## RECORDS FOR THIS EXERCISE
▶

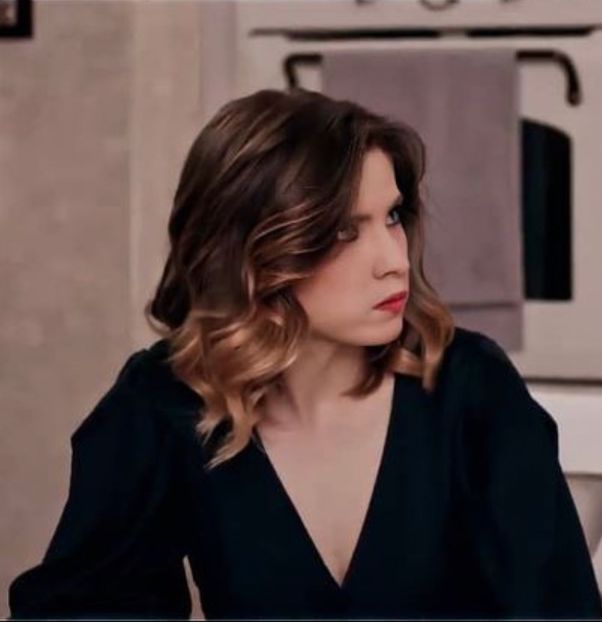 B90CD3FD-ABB2-4705-90AC-4855DB0E435B - 01 Criss - Ana - Iris - Livia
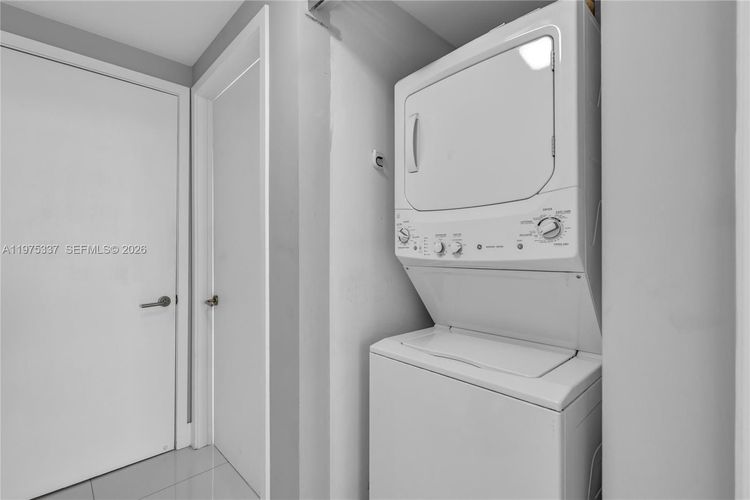 Icon Bay #1708 image #41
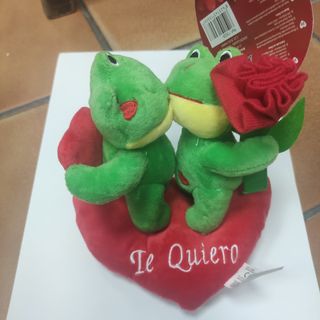 Pareja ranitas corazón. 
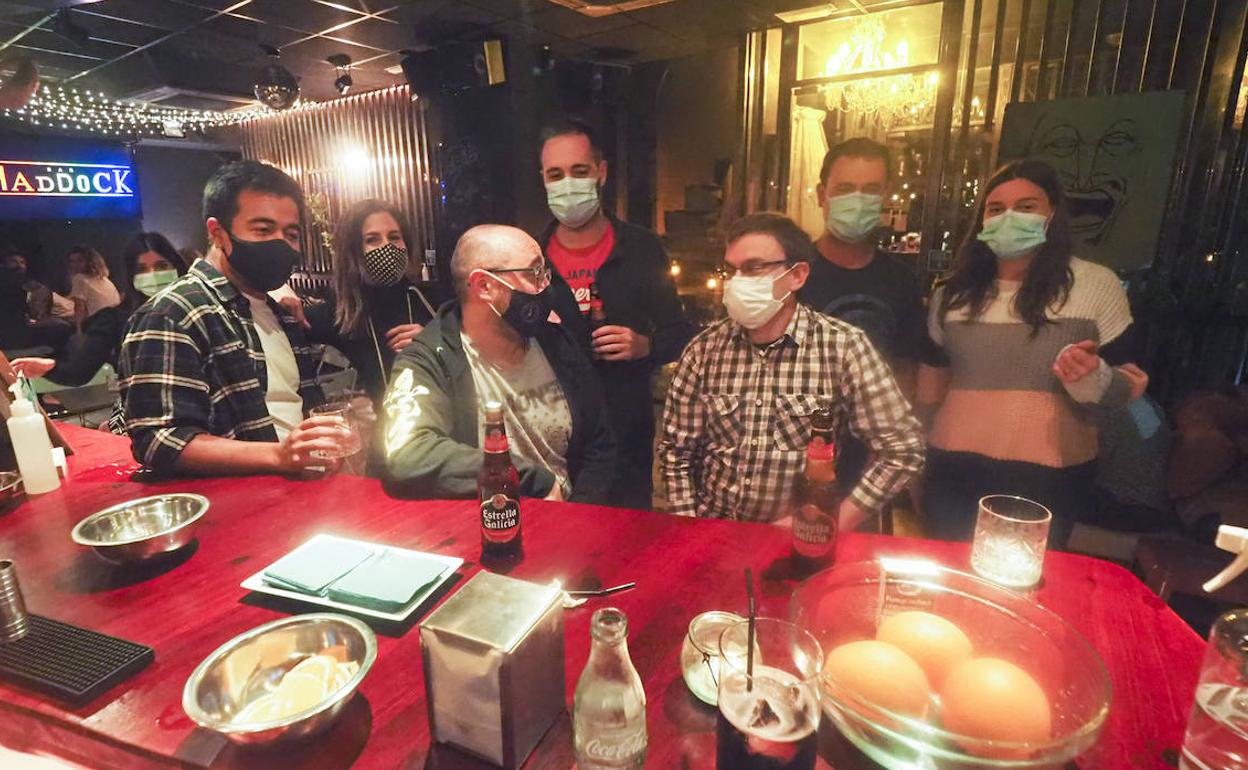 Un grupo de amigos charla y toma algo en el interior del Haddock Bar, en la calle Valliciergo de Santander, el sábado por la noche, en el primer día de su reapertura. fotografías: sane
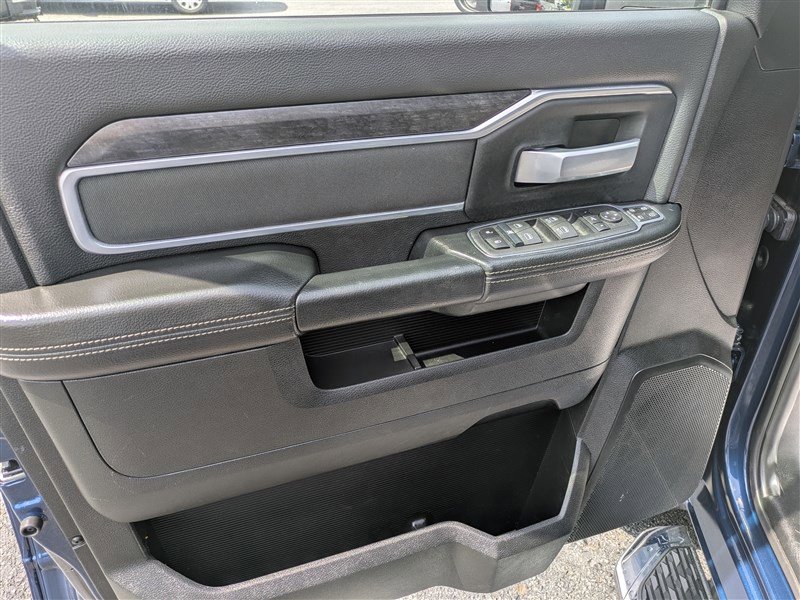 Used 2024 RAM 2500 Big Horn w/ Bed Utility Group image 17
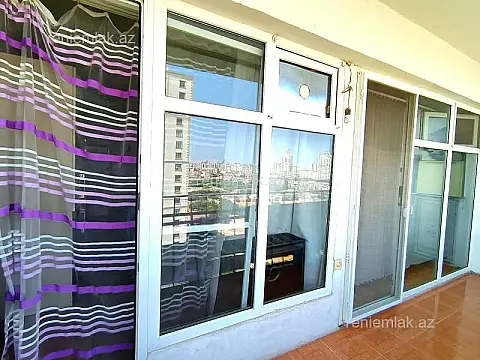 Satılır 3 otaqlı köhnə tikili 100.5 m²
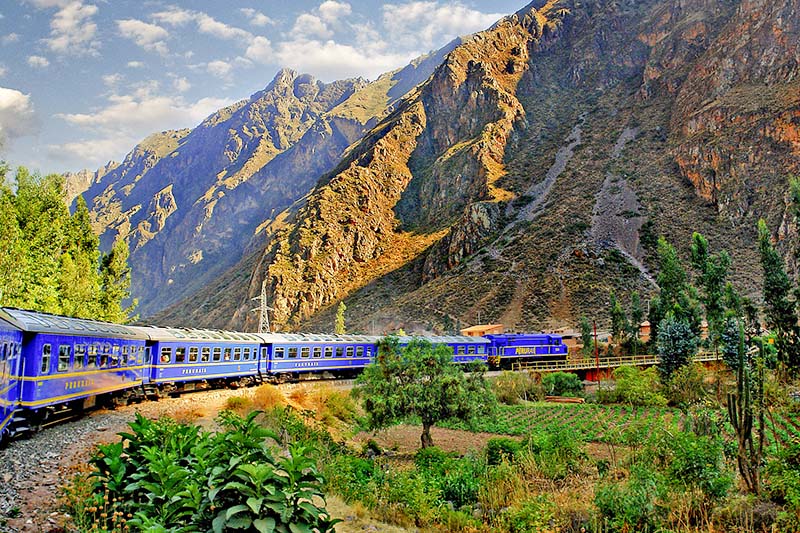 Trem de Peru Rail rumo a Machu Picchu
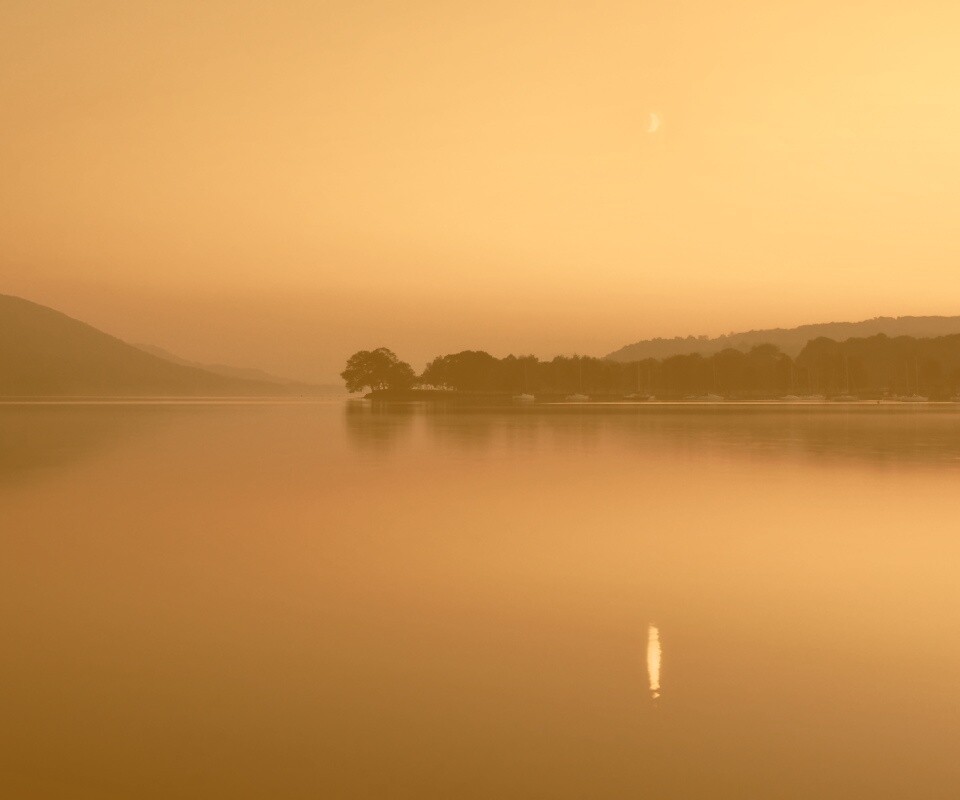 Сумерки над озером обои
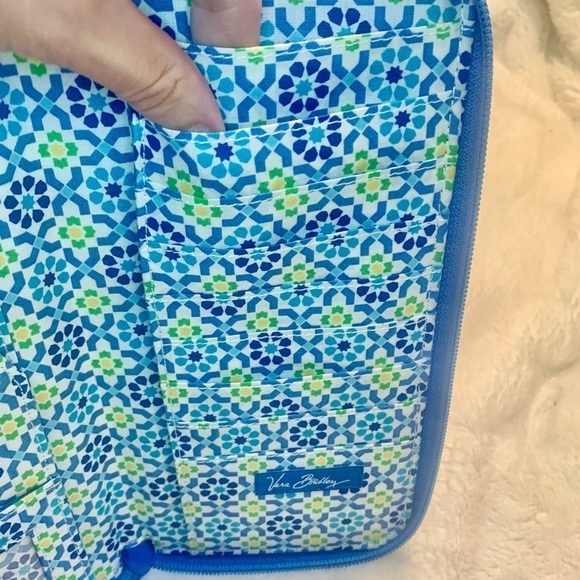 Vera Bradley Large Wallet Clutch Blue Geometric Floral Paisley Zip-Up Card Slots - Picture 6 of 16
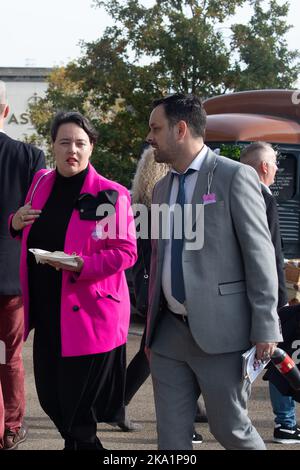 Ascot, Bergen, Großbritannien. 29.. Oktober 2022. Racegoers und ihre Familien genießen das Halloween-Wochenende und den Kirmes bei Ascot Races. Quelle: Maureen McLean/Alamy Stockfoto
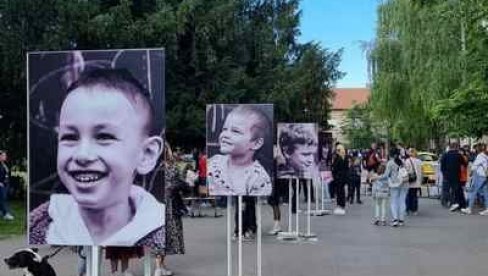 ПОГЛЕДИ ПРОТИВ ПРЕДРАСУДА: Изложба ученика ОШ Радивој Поповић у Земуну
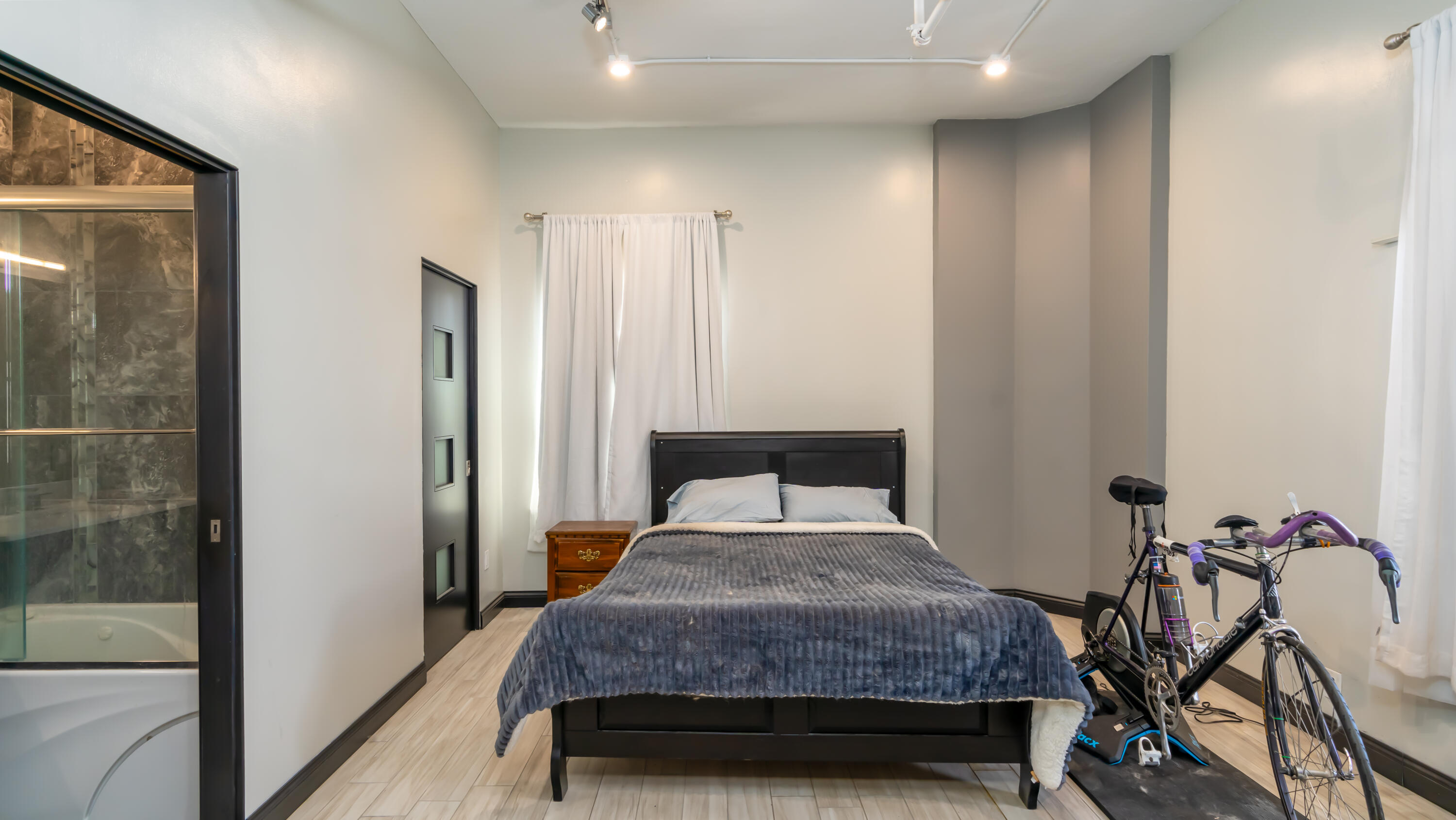 219 CENTRAL Avenue NW 301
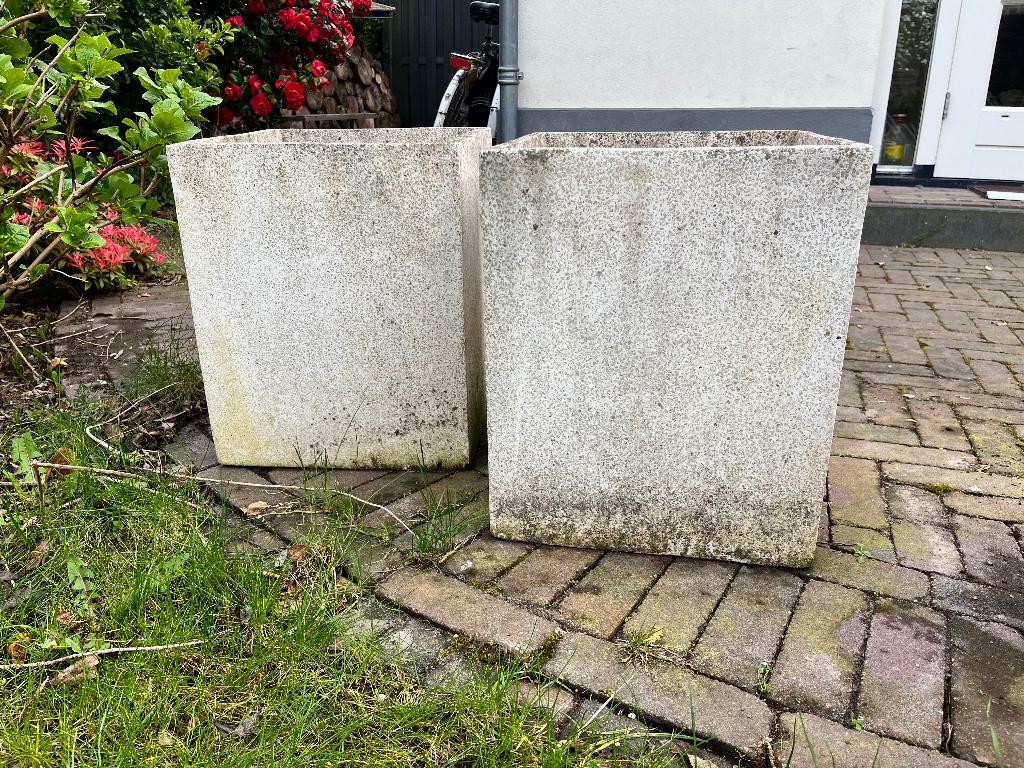 Bloembakken, Tuin en Terras, Bloembakken en Plantenbakken, Ophalen, Steen, Gebruikt, Rond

◀

## WHAT NEEDS TO BE DONE
Excluding all pictures, output exactly the lines from the line containing "Satılır 3 otaqlı köhnə tikili 100.5 m²" through the last line of the entries above.

## SOLUTION TO THE EXERCISE
 Satılır 3 otaqlı köhnə tikili 100.5 m²
 Trem de Peru Rail rumo a Machu Picchu
 Сумерки над озером обои
 Vera Bradley Large Wallet Clutch Blue Geometric Floral Paisley Zip-Up Card Slots - Picture 6 of 16
 Ascot, Bergen, Großbritannien. 29.. Oktober 2022. Racegoers und ihre Familien genießen das Halloween-Wochenende und den Kirmes bei Ascot Races. Quelle: Maureen McLean/Alamy Stockfoto
 ПОГЛЕДИ ПРОТИВ ПРЕДРАСУДА: Изложба ученика ОШ Радивој Поповић у Земуну
 219 CENTRAL Avenue NW 301
 Bloembakken, Tuin en Terras, Bloembakken en Plantenbakken, Ophalen, Steen, Gebruikt, Rond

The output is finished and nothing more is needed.